→ **Task directions**
I'd like the entire listing output verbatim, apart from the pictures.

→ **Supplied data**
────────

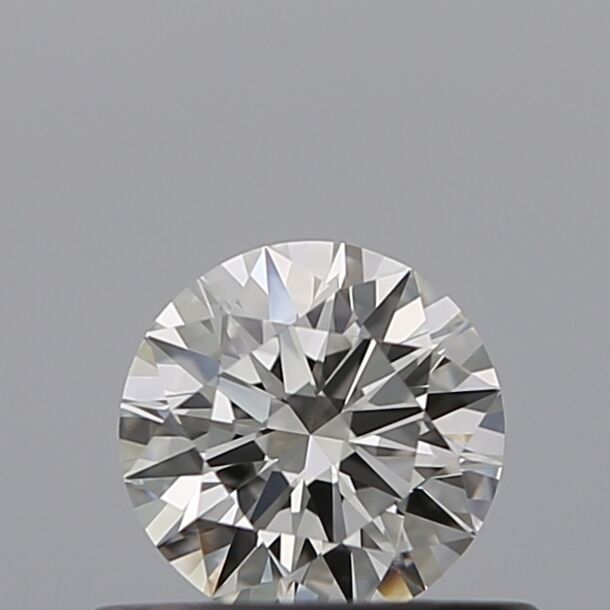 0.4 Carat Diamond, Round Cut, Color G, Clarity VVS1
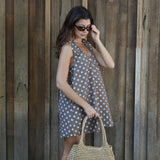 Polka Dot Cotton Mini Dress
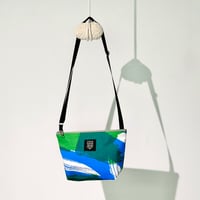 Machi Pouch Shoulder「Flower Time」blue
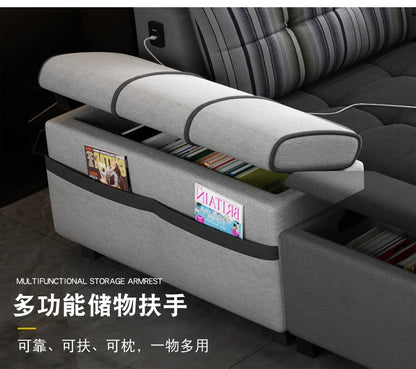 Classic Storage Sofa Adults Comfortable Corner Modern Sofa Living Room Designer Floor Muebles Para Habitacion Home Accessories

────────

→ **Task result**
 0.4 Carat Diamond, Round Cut, Color G, Clarity VVS1
 Polka Dot Cotton Mini Dress
 Machi Pouch Shoulder「Flower Time」blue
 Classic Storage Sofa Adults Comfortable Corner Modern Sofa Living Room Designer Floor Muebles Para Habitacion Home Accessories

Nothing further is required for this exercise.